L'Union Africaine durcit le ton sur le Mali

Par La rédaction

ADDIS ABEBA (AFP) - (AFP)

L'Union africaine (UA) a exigé samedi à Addis Abeba une accélération de la transition politique au Mali, où les insurgés islamistes menacent l'intégrité du pays, tandis que les présidents des deux Soudans ont discuté directement pour la première fois depuis les combats frontaliers de mars-avril.

Une autre crise sur le continent, une rébellion dans l'est de la République démocratique du Congo, devait pour sa part être examinée lors d'une réunion régionale dimanche dans la capitale éthiopienne, en marge du premier jour du sommet semestriel de l'UA.

En préparation de ce sommet, le Conseil de paix et de sécurité (CPS) de l'UA réuni samedi à Addis Abeba a "demandé la fin des interférences inacceptables de la junte militaire (au Mali) et de ses soutiens civils dans la gestion de la transition, et la dissolution effective" de la dite junte, qui avait pris le pouvoir le 22 mars à Bamako.

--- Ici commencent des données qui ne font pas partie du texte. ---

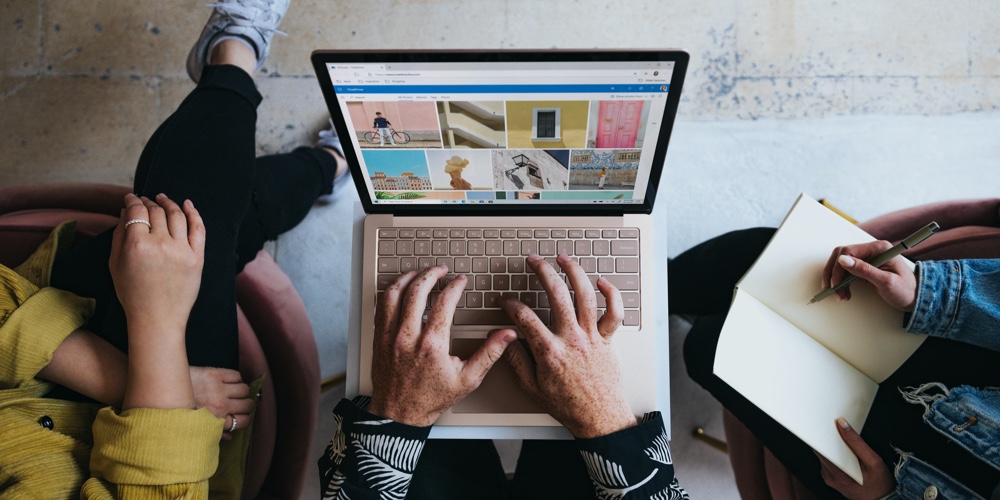 windows-w79mIrYKcK4-unsplash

Le CPS a également demandé au président malien de transition Diancouta Traoré et au Premier ministre Cheick Modibo Diarra "d'entamer les consultations nécessaires avec les partis politiques maliens et la société civile afin de former un gouvernement élargi d'unité nationale", selon les conclusions de la réunion, lues par le commissaire de l'UA à la paix et à la sécurité, Ramtane Lamamra.

Les chefs d'Etat d'Afrique de l'Ouest avaient déjà exigé samedi dernier un "gouvernement d'union nationale" au Mali d'ici au 31 juillet, sous peine de sanctions.

Ce durcissement de ton illustre l'impatience des capitales africaines face à la lenteur à faire avancer une transition permettant de tourner définitivement la page du coup d'Etat du 22 mars, alors même que plusieurs mouvements insurgés islamistes ont mis à profit cette désorganisation pour prendre le contrôle des principales villes et régions du nord du pays.

"L'unité nationale et l'intégrité territoriale du Mali ne peuvent faire l'objet d'aucune discussion ou négociation", a rappelé le CPS, soulignant la "détermination de l'Afrique de n'épargner aucun effort pour leur préservation".

Les présidents du Soudan du Sud et du Soudan, qui venaient de participer à cette réunion du CPS, se sont pour leur part retrouvés ensuite pour une heure de discussion dans un hôtel de la capitale éthiopienne, à l'issue de laquelle ils se sont serré la main, a constaté un journaliste de l'AFP.

Cette rencontre, sans déclaration à la presse, est la première entre Salva Kiir et Omar el-Béchir depuis de violents combats frontaliers ayant opposé leurs armées il y a moins de trois mois.

Le Conseil de paix et de sécurité de l'UA a exhorté les deux voisins à résoudre leurs différends d'ici le 2 août, date butoir fixée par la communauté internationale, "sur toutes les questions en suspens notamment la sécurité, le pétrole (...), les frontières, le statut de (leurs) ressortissants et le statut final de (la zone contestée de) Abyei".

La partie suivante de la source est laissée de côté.